Overcoming barriers to accessing rehabilitation in Ukraine amidst conflict

Injuries sustained during a war can lead to devastating and long-lasting physical and psychological complications. To minimize such impact and promote steady recovery, it is important to start rehabilitation care as early as possible. In Ukraine, the need for rehabilitation has arguably never been greater.

Rehabilitation needs on the rise

Rehabilitation helps a person to be as independent as possible in their daily life. It enables participation in education, work, recreation and meaningful activities, such as taking care of family. In 2019 half the population of Ukraine could have benefited from rehabilitation services, a number that even then was considered an underestimation, as it was linked to noncommunicable conditions such as cardiovascular disease or diabetes. The COVID-19 pandemic and the ongoing war have vastly increased the country’s rehabilitation needs.

“The war has increased the demand for rehabilitation, but also the difficulty in accessing these services,” said Dr Satish Mishra, Technical Officer for Disability, Rehabilitation, Palliative and Long-term Care at the WHO Regional Office for Europe, while opening a high-level online event on the issue organized by WHO/Europe on 7 March. “The barriers we’ve seen include targeted attacks on health-care facilities, fewer available health-care workers due to displacement, reduced public transport, interrupted supply chains, and power shortages. Yet, despite these challenges, health authorities and partners, including WHO, are finding ways to strengthen rehabilitation efforts nationwide.”

WHO/Europe is supporting the development of rehabilitation services in Ukraine, as well as its citizens’ access to assistive technology and disability-inclusive services at home and in neighbouring countries. This is done in close collaboration with key ministries and many national and international partners.

Modernization of rehabilitation systems

Ukraine had launched the creation of a modern and effective rehabilitation system and accelerated the development of health systems reforms years before the invasion by the Russian Federation on 24 February 2022.

The war added new challenges to that process but did not halt it, noted Iuliia Sokolovska, Deputy Head of the Office of the President of Ukraine. “All injured citizens start receiving rehabilitation assistance in the hospital immediately after surgical or other interventions, with the involvement of multidisciplinary teams,” she said, emphasizing the enormous complexity of amputations and reiterating the importance of assistive technology, which WHO supplies to the country in partnership with ATscale, the global partnership for assistive technology. “The restoration of Ukraine is primarily the restoration and development of human capital,” Sokolovska concluded.

WHO experts conducted a technical mission to Ukraine in July 2022 to further assess the situation and requirements for rehabilitation and assistive technology in the country, including for people with disabilities.

The Ministry of Health of Ukraine and WHO have been conducting strategic collaboration in the field of rehabilitation since 2015, after the conflict with the Russian Federation first escalated. In his remarks at the session held on 7 March, Minister of Health Viktor Liashko noted the impact of this work, such as the adoption of the law about rehabilitation in health care in 2020, which placed an emphasis on rehabilitation starting from the onset of an acute health condition.

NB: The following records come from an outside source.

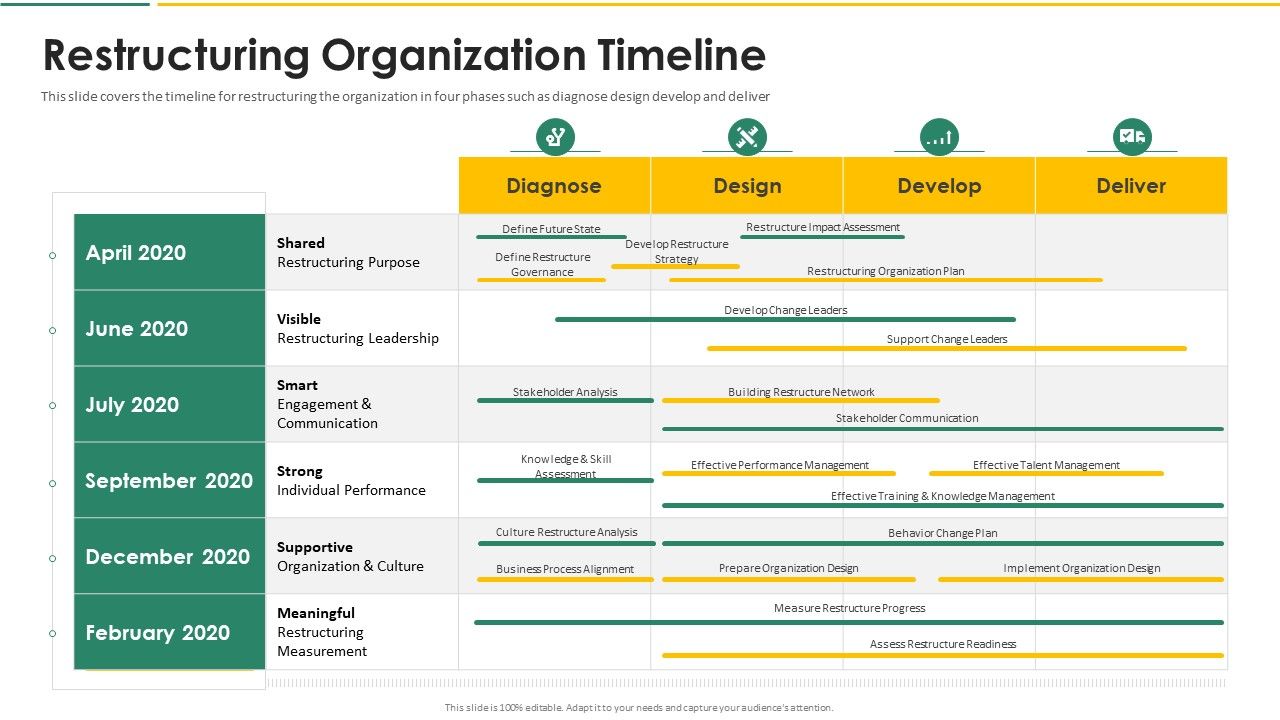 Organization_Chart_And_Corporate_Model_Transformation_Restructuring_Organization_Timeline_Professional_PDF_Slide_1.jpg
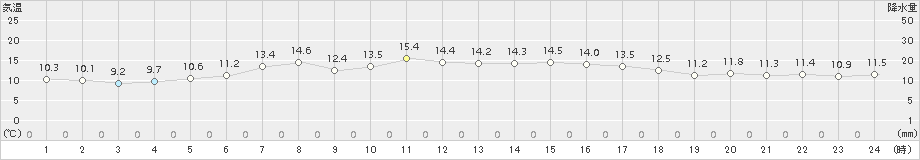 神恵内(>2016年05月09日)のアメダスグラフ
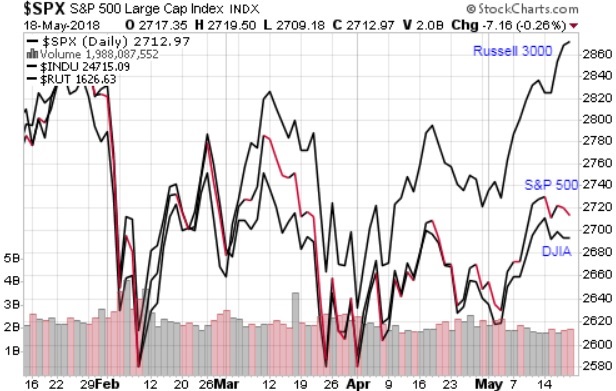 Market Is At Inflection Point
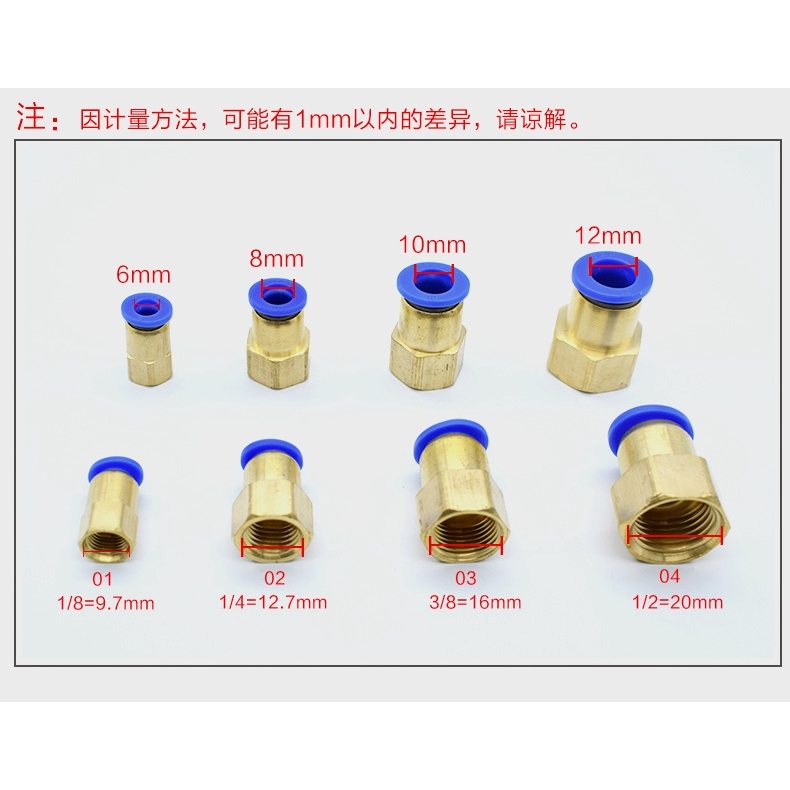 Dụng cụ các loại đầu kết nối chuyển thiết bị máy nén khí bút sơn airbrush compressor mô hình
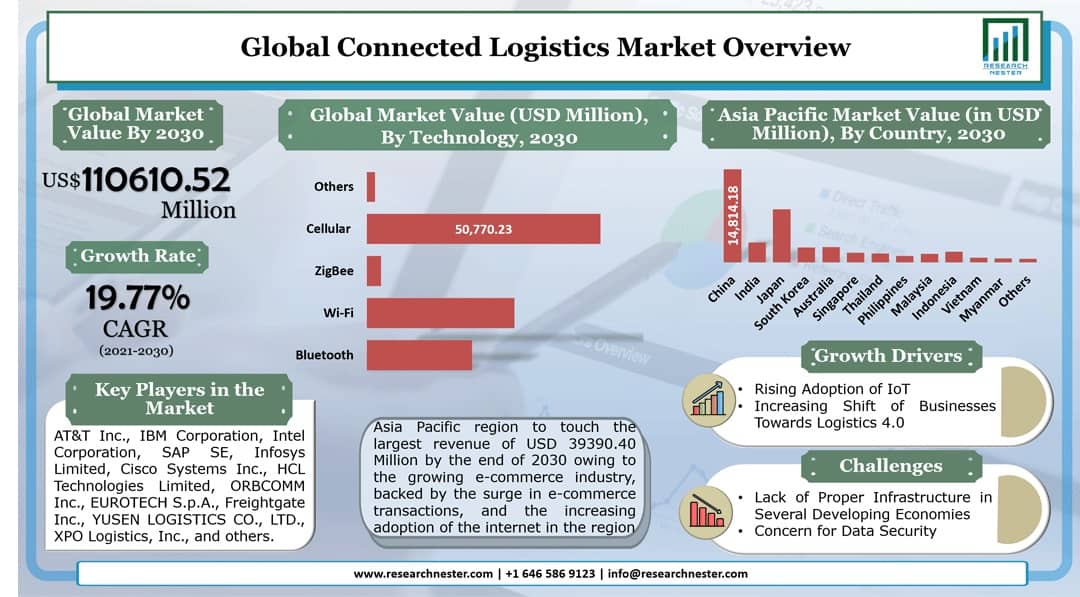 Connected Logistics Market Graph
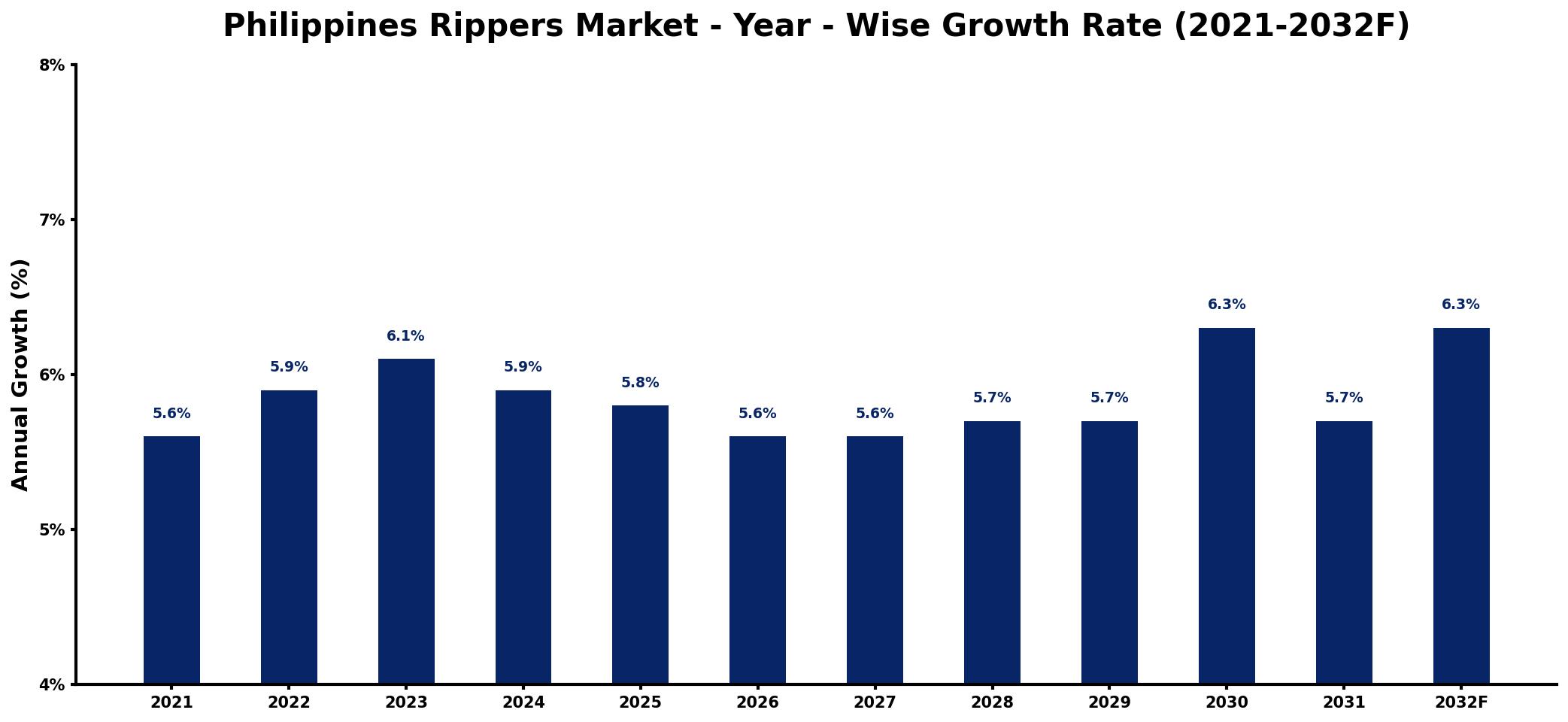 Philippines Rippers Market Year-wise Growth Rate and Key Drivers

In the past few years new rehabilitation-related professions have been introduced in Ukraine: physical, occupational, speech and language therapists. The unique skills of these specialists are essential to helping patients with complex traumas, such as traumatic brain injuries or spinal cord injuries. Rehabilitation specialists receive comprehensive training and mentorship from international experts, including at a WHO-supported centre in Rivne.

Resilience in health care

Insufficient rehabilitation can have devastating consequences, leading to mental and physical decline, as well as exclusion from society, but Ukraine’s health system continues to be resilient, even after well over 800 attacks on health care, according to Dr Jarno Habicht, WHO Representative in Ukraine. “As of today, WHO has supported more than 4000 people in more than 25 facilities with rehabilitative services,” he said, thanking health-care workers across the country. “We need to work on response, recovery and reforms at the same time.”

Rehabilitation is an essential component of universal health coverage and of emergency response. WHO/Europe is committed to supporting rehabilitation efforts in Ukraine together with many partners and donors, including the United States Agency for International Development, United Nations Office for the Coordination of Humanitarian Affairs, United Nations Partnership on the Rights of Persons with Disabilities, Directorate-General for European Civil Protection and Humanitarian Aid Operations, United Kingdom’s Foreign, Commonwealth & Development Office, and the Ministry of Foreign Affairs of Norway. This work is also supported by the WHO European Framework for action to achieve the highest attainable standard of health for persons with disabilities.